For workers, in the future development of their struggles, there is a need to be wary not only of the unions but of other ‘false friends.' The KKE (Greek Communist Party), for example, which does have some influence in the working class, was, a year ago, calling protesters secret agents of ‘dark foreign forces', and ‘provocateurs'. Now they say that ‘workers and farmers have the right to resort to any means of struggle to defend their rights'. Should they return to their old tune there are other left-wing forces like the Trotskyists who will be there to rally workers against fascists or other right wingers, or against the influence of American imperialism - for anything except workers moving towards taking their struggles into their own hands. With strikes in neighbouring Turkey happening at the same time as strikes in Greece, the unions and their allies will be particularly concerned that all the problems facing workers are portrayed as being specifically Greek, and not affecting workers internationally.

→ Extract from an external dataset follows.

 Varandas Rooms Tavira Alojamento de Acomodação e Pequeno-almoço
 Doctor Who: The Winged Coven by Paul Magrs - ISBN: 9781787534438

One thing that is distinctive about the situation in Greece has been the proliferation of various armed groups that bomb public buildings but, in the process, create little more than a flaming alternative to mainstream spectacles, while encouraging further state repression. These groups, with exotic names like the Conspiracy of Cells of Fire, Guerrilla Group of Terrorists or the Nihilist Faction, offer nothing to the working class. Workers build class solidarity, consciousness, and confidence through taking part in their own struggles, and developing their own forms of organisation, not through sitting at home and watching bombs set by leftist radicals on TV. The sound of a workers' mass meeting discussing how to organise their own struggle scares the ruling class more than a thousands bombs.